(WHAT NEEDS TO BE DONE): Skip the pictures. Transcribe exactly the lines from the line containing "Tourmaline and diamond dress ring" to the end of the listing.

(DATASET SECTION):
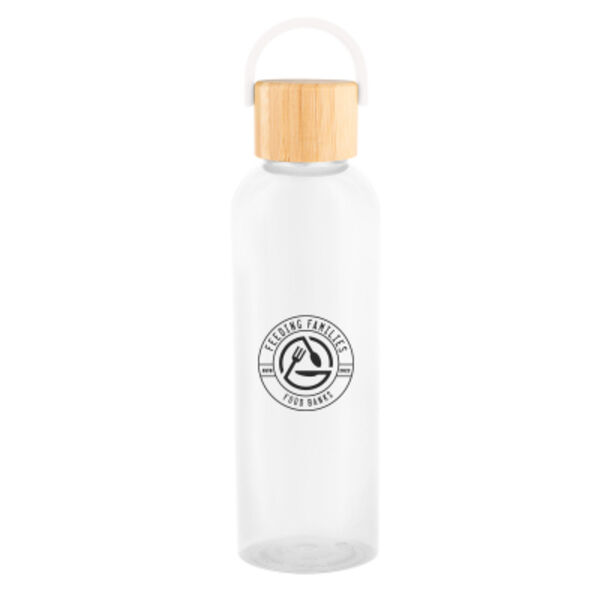 20 Oz. Ally rPET Bottle With Bamboo Lid And Easy Carry Handle Thumbnail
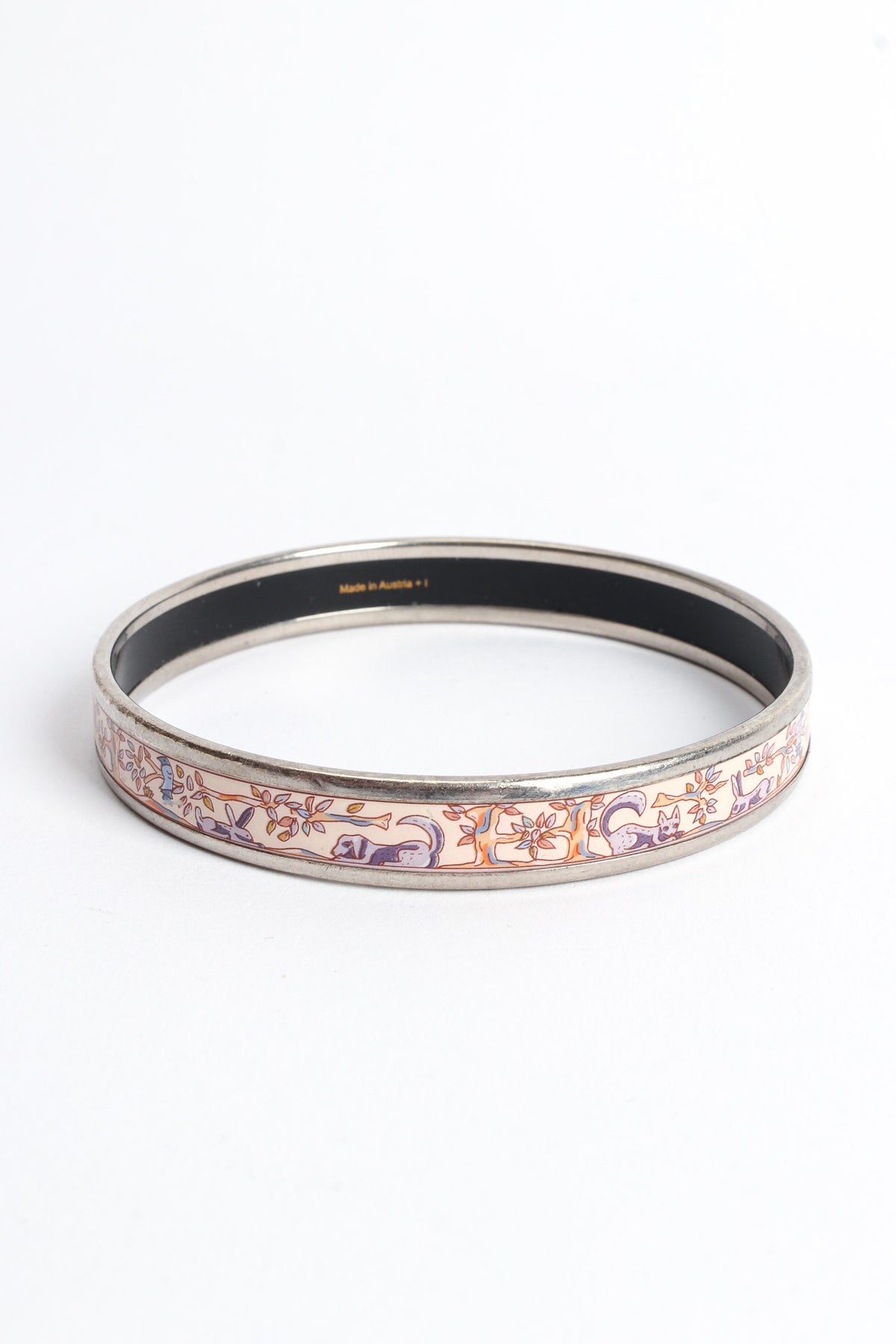 Hermés Forest Animal Narrow Enamel Bracelet – Recess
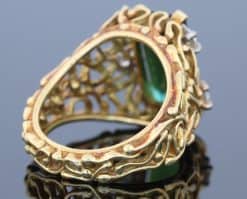Tourmaline and diamond dress ring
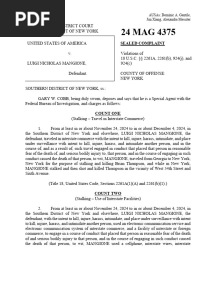 Luigi Mangione Federal Criminal Complaint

(YOUR RESPONSE):
Tourmaline and diamond dress ring
 Luigi Mangione Federal Criminal Complaint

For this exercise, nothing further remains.